Gründe, warum Tennyson dieses Gedicht schrieb:
Einfluss des Mittelalters :Tennyson wurde stark von mittelalterlichen Romanzen und Legenden beeinflusst. Die Lady of Shalott lässt sich von der Legende von Elaine von Astolat inspirieren, die sich in Sir Lancelot verliebt, aber an unerwiderter Liebe stirbt. Tennysons Gedicht interpretiert diese Geschichte neu und verwandelt sie in eine Reflexion über Kunst und Gesellschaft.
Künstlerischer Ausdruck :Durch das Gedicht erforscht Tennyson die Rolle und das Wesen des Künstlers. Die Lady of Shalott ist eine Künstlerin, die Wandteppiche webt, die die Welt außerhalb ihres isolierten Turms darstellen, aber sie kann das Leben nur indirekt beobachten. Dies symbolisiert den Kampf des Künstlers zwischen dem Eintauchen in das Leben und der Aufrechterhaltung der nötigen Distanz zum Schaffen von Kunst.
Isolation und Sehnsucht :Das Gedicht beleuchtet das Thema der Isolation. Die Dame von Shalott ist in ihrem Turm eingesperrt, getrennt von der Welt, die sie sich wünscht. Ihre Sehnsucht nach Liebe und einem erfüllteren Leben erzeugt eine innere Spannung, die die emotionale Intensität des Gedichts unterstreicht.

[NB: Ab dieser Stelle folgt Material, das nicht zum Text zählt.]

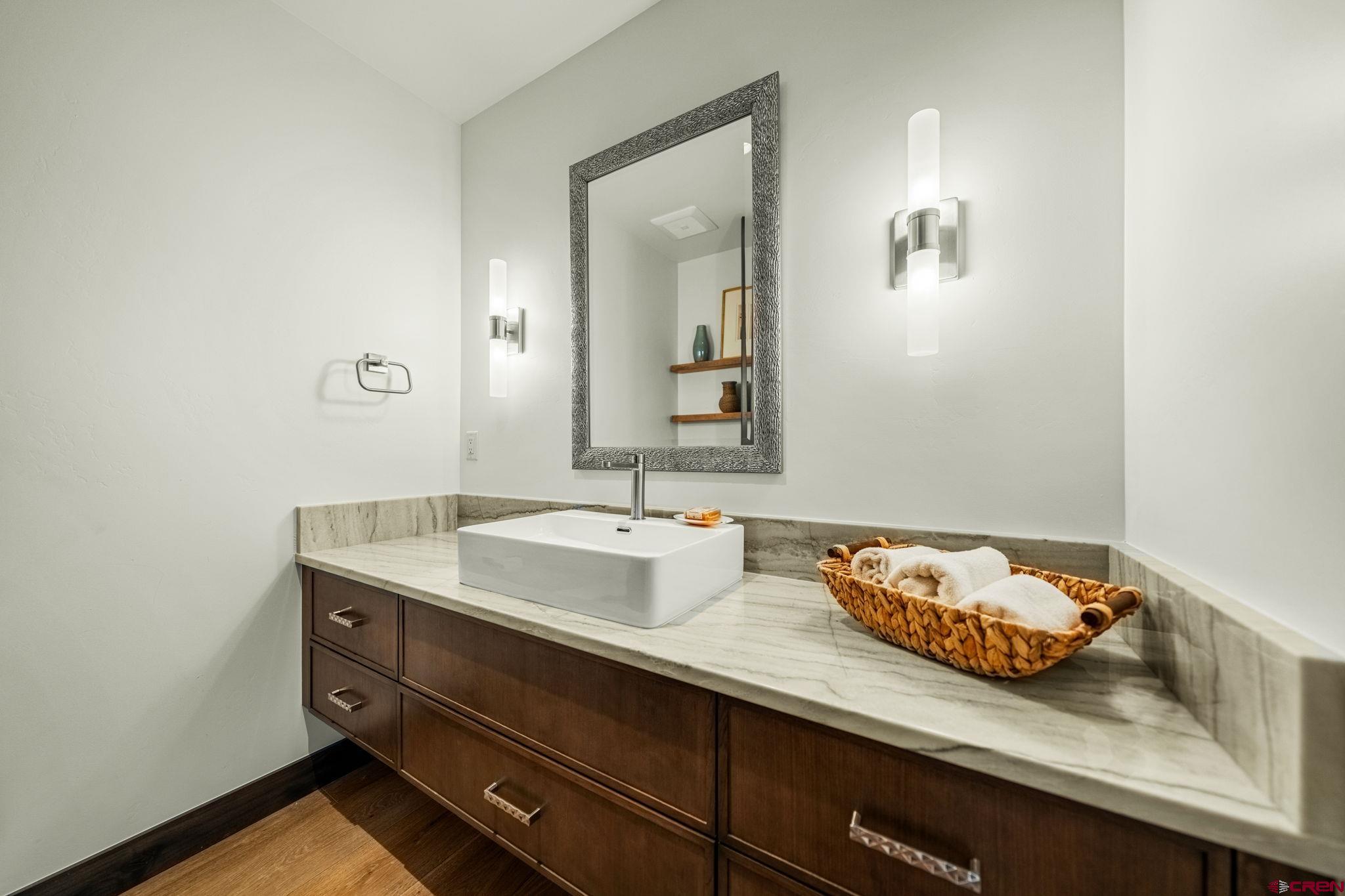 136 Outlaw Drive, Unit 3B Durango, CO 81301 - Photo 41 of 45 a bathroom with a granite countertop sink and a mirror
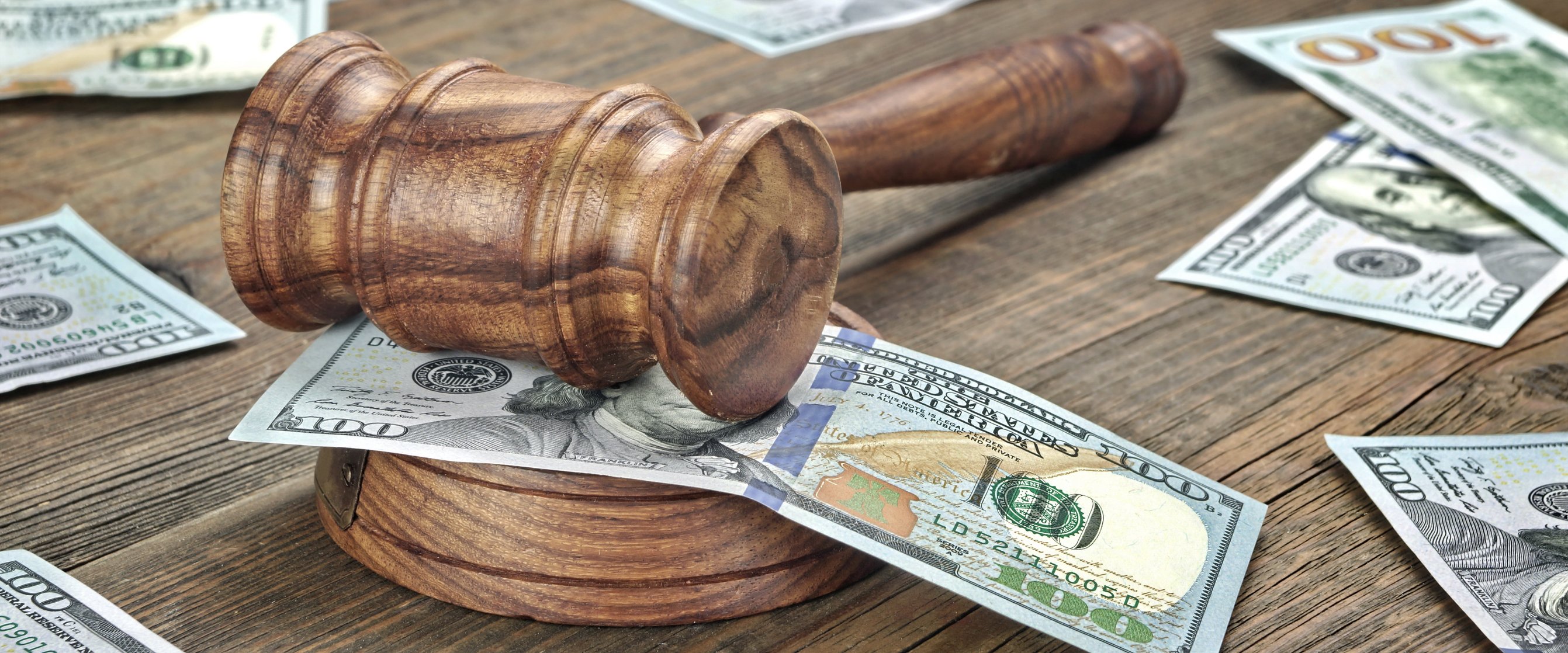 A judge's gavel on a desk covered by one hundred dollar bills.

Schicksal und Schicksal :Tennyson nutzt die Geschichte, um über die Unvermeidlichkeit von Schicksal und Bestimmung nachzudenken. Der Fluch, der über die Dame von Shalott gelegt wurde, kündigt ihr tragisches Ende an und verdeutlicht die Beschränkungen, die dem Einzelnen durch äußere Kräfte auferlegt werden.
Sozialkommentar :Das Gedicht kann auch als sozialer Kommentar zur viktorianischen Gesellschaft gesehen werden. Es stellt gesellschaftliche Erwartungen und Konventionen in Frage, insbesondere in Bezug auf die Rolle der Frau und ihre Beschränkung auf häusliche Räume.
Zusammenfassend lässt sich sagen, dass „The Lady of Shalott“ von Alfred, Lord Tennyson, als eine Auseinandersetzung mit Themen wie Liebe, Kunst, Isolation und Schicksal geschrieben wurde. Es stützt sich auf mittelalterliche Legenden und befasst sich mit sozialen Themen der Zeit und lädt den Leser ein, über die Rolle des Künstlers, die Spannung zwischen Kunst und Leben und die von der Gesellschaft auferlegten Zwänge nachzudenken.